Fue la mujer pobre al cobertizo de las mujeres sabias, éstas la recibieron y enseguida le dijeron:

- Para sacarte de tu pobreza no tenemos pero podemos darte unas monedas de oro solo con una condición:

- ¿Qué condición?

- Que no se lo digas a nadie. Nosotras no somos ricas y si lo comentas a las personas vendrán muchos a que les demos monedas y nos arruinarán la vida.  

- Lo comprendo y por eso haré lo que me estáis pidiendo.

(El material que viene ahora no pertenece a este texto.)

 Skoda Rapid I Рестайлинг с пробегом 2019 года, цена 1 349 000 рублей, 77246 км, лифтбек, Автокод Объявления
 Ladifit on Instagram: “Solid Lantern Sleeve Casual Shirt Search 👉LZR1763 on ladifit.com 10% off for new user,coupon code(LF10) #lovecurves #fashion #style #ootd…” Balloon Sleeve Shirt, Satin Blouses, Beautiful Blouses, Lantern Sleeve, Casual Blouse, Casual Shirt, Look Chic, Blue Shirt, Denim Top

Le dieron la moneda de oro y, como la joven encontró a más pobres por el barrio, a todos les dijo que hicieran lo mismo. Y aquel día y al otro y al siguiente, acudieron, de uno en uno, muchos pobres a la casucha de las mujeres sabias. Ninguno dijo nada de las monedas de oro pero sí enseguida por todo el barrio se corrió la noticia del comportamiento tan bueno que mostraban para con los pobres, las mujeres sabias. Cuando la mayor de las dos mujeres decía a la joven:

- Nosotros ahora tenemos para comer y dónde vivir. Así que tú sigue buscando a las personas pobres que haya por el barrio.

La joven le argumentaba:

- Pero ¿qué ganamos nosotras repartiendo con los pobres todo el tesoro que nos hemos encontrado?

- Ganamos el cielo y el respeto y cariño de las personas humildes de este barrio. Los soldados de la guerra nos quitaron todo lo que teníamos y les quitaron la vida a los nuestros. Y como esto no es bueno, nosotros debemos hacer todo lo contrario. Para que el mundo no se convierta en un infierno y el mal lo destruya por completo. Y para que las personas pobres, experimenten la dicha de sentirse amados y respetados. Tienen derecho a ello.

            Y unos años más tarde murieron las dos mujeres sabias. El tiempo las fue dejando sin fuerzas poco a poco, como siempre sucede a todas las personas. Y en el barrio, muchos lloraron su muerte y otros tantos decían:

- Nunca hemos conocido a nadie con un corazón tan bueno como estas dos mujeres. Sin duda que Dios, en algún lugar del Universo, debe tener reservado para ellas el mejor cielo. Se lo merecen y nosotros así lo deseamos.

Y a la joven también le decían

- Y tú, nunca te vayas de este barrio ni te sientas sola o marginada. Cualquier cosa que necesites, solo tienes que pedirla. Aunque nosotros nos quedemos sin comer o pasemos frío, a ti no te faltará nunca lo necesario. Y ojalá de la Alhambra venga un día un príncipe y te haga reina.